US equities finished lower for a 3rd straight week as a rebound in consumer confidence and signs of renewed strength in labor markets appeared to give the Fed more latitude for aggressive tightening of monetary policy. All sectors in the S&P 500 were down, with traditional defensives (utilities, health care, and staples) posting smaller declines while cyclicals and growth stocks faced sharper selling pressure. Small caps underperformed. And finally, international benchmarks echoed
the declines in the US.
Bond prices fell as rates moved higher for most of the week, although Friday saw a partial reversal after the monthly jobs report showed a few pockets of softness. Fed fund futures had gravitated towards a 75bp September rate hike in the days following Powell’s speech, but shifted back to virtually even odds of either 75 or 50bp on Friday. Credit spreads moved wider over the course of the week as equities declined, causing corporate bonds to underperform.
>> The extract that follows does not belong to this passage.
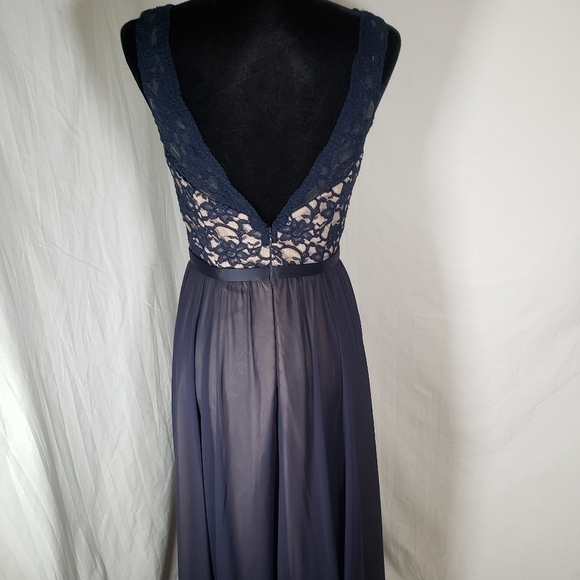 Morilee Madeline Gardner Navy Lace Nude Under Sleeveless Floor Length Gown Sz 8 - Picture 7 of 12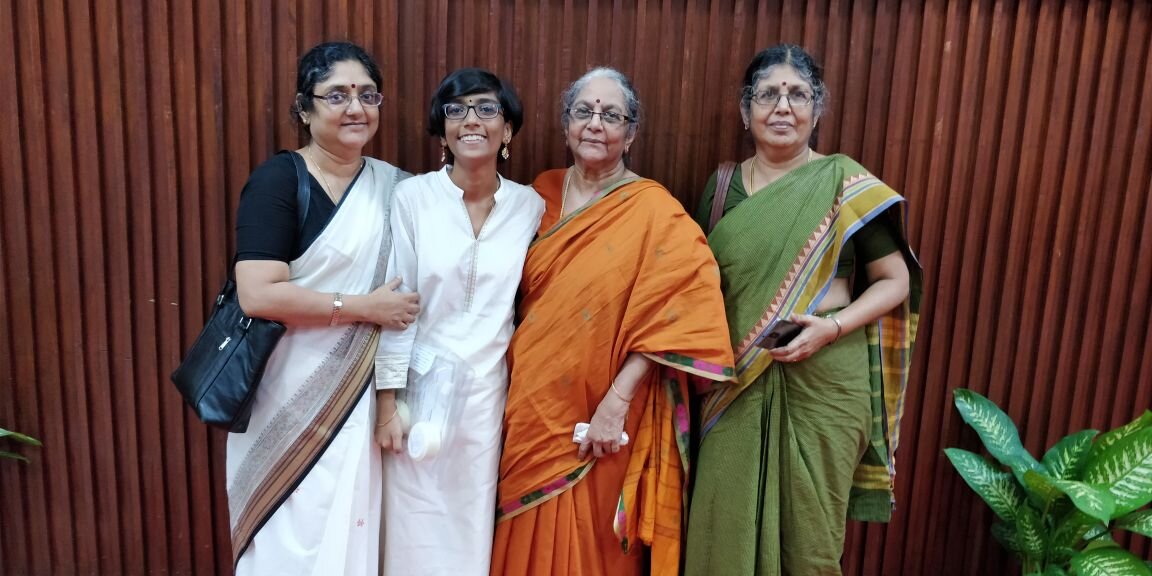 Image of Madhura and her pillars of strength— her mother, grandmother, and grandaunt— at a university event.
It was a big week for economic news:
- US Manufacturing PMIs from ISM (52.8) and S&P (51.5) were steady
- Factory (-1.0%) and Durable Goods (-0.1%) orders shrank in July
- Consumer Confidence (Conf. Board) rebounded to a 3-month high of 103.2
- Heavily lagged home price data showed sharp deceleration in June
- US job openings (11.2mn) rebounded while initial jobless claims (232k) fell
- Nonfarm payroll growth of +315k exceeded consensus estimates of +298k
- Average weekly hours worked fell slightly to 34.5 hrs
- Unemployment (3.7%) rose on a +30bp labor force participation rate (62.4%)
Albion’s “Four Pillars”
Economy & Earnings
US GDP growth fell in Q1 (-1.6%) and in Q2 (-0.6%), but job creation remained strong in 1H22 with 2.75mn NFP added. Consensus calls for slow growth in 2H22 despite weak consumer confidence and softer housing and labor markets. Corporate operating margins remained robust in 1H22, but many companies have warned that inflation could pressure margins going forward.
The S&P 500’s forward P/E of 16x is slightly above the long run average, and more predictive valuation metrics like CAPE, Tobin’s Q, and the Buffett Indicator (Mkt Cap / GDP) suggest that compound annual returns over the next decade are likely to be in the single digits.
Rates have risen across the curve in 2022 in response to a shift in monetary policy. Fed Fund Futures markets are pricing in a total of 14 25bp rate hikes in 2022, with an implied Fed Funds target rate floor of 3.50% by year end.
Inflation is at 40yr highs as supply chain disruptions, labor shortages, and rising energy prices have impacted input costs for many businesses. That said, core inflation has been trending lower for several months now, and headline inflation also eased lower in July data thanks to falling energy prices.